Steven: Hey it’s awesome to meet you in person. I love the site – I’m super excited about it.

Amanda (M4B): You too. So what time is it over there where you’re at?

S: It is now 1 am.

A: Oh wow!

S: It’s been a long day. My first interview today was at 7:30 am.

A: Wow! Very long day!

S: I’ve decided next year, I’m coming to America and I’m going to do all of this on eastern standard time. (laughs)

A: Well that’ll not be quite as bad. (laughs)

S: Yeah…I think it’s uh…I think it’s the only way. I’ve just got so used to doing things at random times, I’m actually having fun with it now. At the beginning it was like, ‘Oh my god I have to get up at 6 and do an interview at 11’. I’m like…ugh. Now I’m having fun with it.

A: So I guess for us… yesterday your 7 am interview would’ve been last night for who ever you had it right?

S: Yep that’s it.

 A: Ok. Wow. So can you start out telling us a little bit about yourself? Like what you’re background is? I think I saw that you’re a musician?

S: Yeah. And in fact I was just talking to my band mate just before this call, and he’s been killing it on Instagram, and I’m so excited. I’ve thrown him into taking over the social media, and he’s just thriving with it. And he’s not someone that usually would thrive at social media, and I think that’s an important lesson for artists. But…yeah so I’ve been playing with this guy since high school, and we just keep going, with how bands break up, and even our band’s not doing all that much, but we’re still plugging away. I’ve been playing guitar since I was 9 years old. It’s the reason I’m here talking to you…it’s literally the sole reason that we’re here.

A: That’s pretty cool. What kind of music is it?

S: Uh like an indie pop indie rock sort of thing. It’s quite interesting, I think. I’m big on Nine inch Nails, and I love atmosphere in music. So that’s what I get excited…I get excited about pedals, and changing my guitar into different sounds. He’s more of a classic singer-songwriter. (He) used to be a big Coldplay fan. I don’t know if you know the band Something For Kate, is probably a big influence on his writing. We kind of like fused these two pieces together a little bit, so kind of like a bit of that intensity comes in from my angle, and he brings out the singer-songwriter thing which is pretty cool.

A: That’s very cool. So how did you start on the business end? How did you get started in the music industry itself?

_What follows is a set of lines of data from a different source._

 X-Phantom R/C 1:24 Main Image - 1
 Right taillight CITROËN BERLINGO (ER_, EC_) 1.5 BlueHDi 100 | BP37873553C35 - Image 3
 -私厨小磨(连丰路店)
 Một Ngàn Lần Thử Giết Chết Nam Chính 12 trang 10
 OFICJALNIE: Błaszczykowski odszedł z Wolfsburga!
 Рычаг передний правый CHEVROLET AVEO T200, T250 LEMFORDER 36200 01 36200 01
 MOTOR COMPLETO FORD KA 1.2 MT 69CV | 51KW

S: Out of sheer necessity. So both of us, we’re from Hobart down in Tasmania. Tiny little, well it’s not that tiny – 250,000 people in Hobart. And, earlier on at the beginning, when we’re like 17, 18, It was sort of like, we thought we had something pretty good, and we just wanted to get it out in the world. And I was sort of trying to take notice of what was happening… and I just hated the idea of having to give our music away to other people. Or, actually even more than that, just relying on something we couldn’t control to give us the hope and possibility of success. So I started looking out for other things. And Jean Le Jarque(?) was probably like the first person I noticed doing things with online marketing and actually making a living from his music with it. And that fascinated me so I started following what he was doing, and it kind of branched from there. It just kept going, kept exploring, and kept trying to find more places that I could sink my teeth into in the business side of things. And I’m not a business guy like naturally, really. I just find it fascinating, because the more you dive into something like that, it started to feel the same way as when I was learning guitar. Like, it’s a bit uncomfortable, this is a bit weird, but I feel like it’s a good thing so I’m just going to keep going with it. And then I found some, like working on a lot of different projects, it started to feel like, ‘hey this is actually kind of cool’. There’s some really interesting stuff out here.

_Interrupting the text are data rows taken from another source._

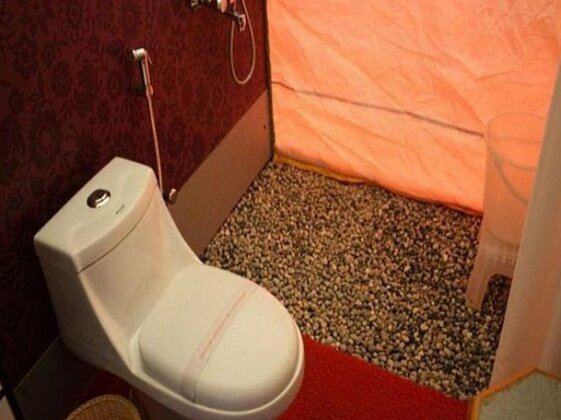 Wilderness Camps Hotel - Photo5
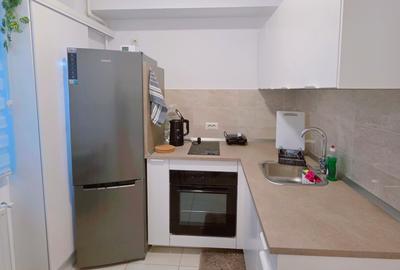 Garsoniera Parcul Carol / ISG Residence - 10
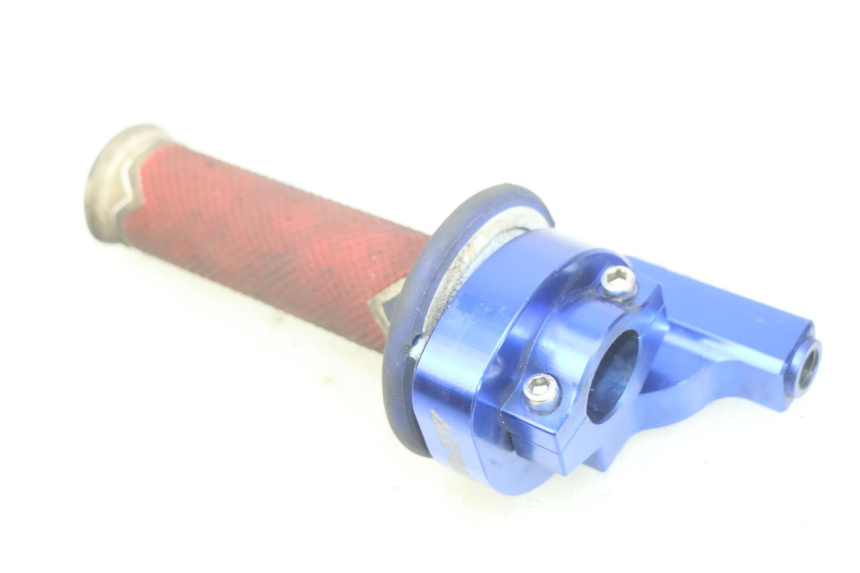 photo de GASGRIFF HONDA CR 125 (1995 - 1997) - Details der Befestigungspunkte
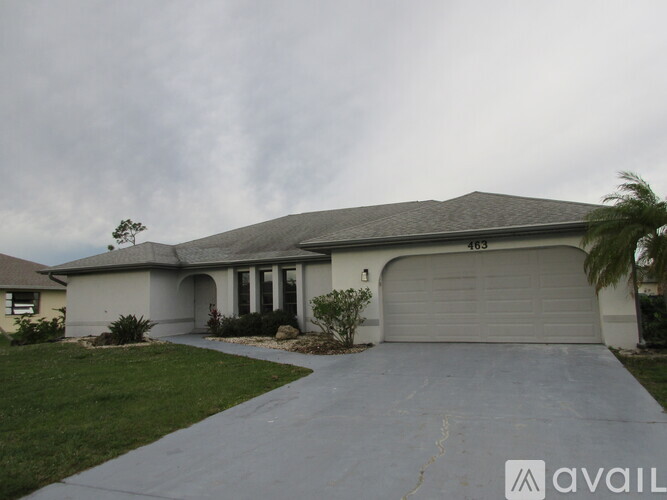 463 Gallegos St 3 Beds Apartment for Rent - Photo gallery 2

 A: It appears to me that you’re also a bit of an internet marketer. I’m wondering how you got started with that side of it. A little bit later I’m going to ask you a couple of questions… you had a couple of similarities with things that we do online. I thought that was really cool.

S: Yeah. I’m so excited to learn more about what you’re doing. And work together. That’s one of the tings I’m so pumped about with the summit, really. It’s just like bringing…there’s so many of us doing similar things and I think that’s amazing. In the beginning I thought that might be a competition, in the same way I think an artist often thinks that can be a competition, but it’s not. We’re all far better if we work together, but, yeah, I digress. The reason I got into it was, uh after I started, I was managing bands for a while, and I kind of like, I have a bit of an analytical brain, so I find it quite easy to once I dive into something it’s…I enjoy it and then I can go ok cool this works, so I’m going to show you guys how to do this. And I was just doing that with the bands I was managing, and finding a lot more traction from doing online marketing stuff with the bands I was managing, than all the other admin work I was doing on the back end. Like the hours and hours that was going in to basically trying, and they’re all like baby bands, great bands, but…you know, all the work that went in was 90 percent admin and the small little results that were coming out were their online marketing stuff that I was just playing with, and I just wanted to keep going with that. Solely out of trying to find a way to make the internet work for the bands I was managing and my band, then I started to get fascinated well, maybe, I…just kept pursuing it and finding other things that would be similarly fascinating for my own career as well I guess.

A: Ok. So I noticed on your site, you use the phrase, “Connecting the Dots”. We actually have a tutorial on connecting the dots, ourselves. It’s like a thirty minute long tutorial for our artists. But I was just curious what that phrase mean to you?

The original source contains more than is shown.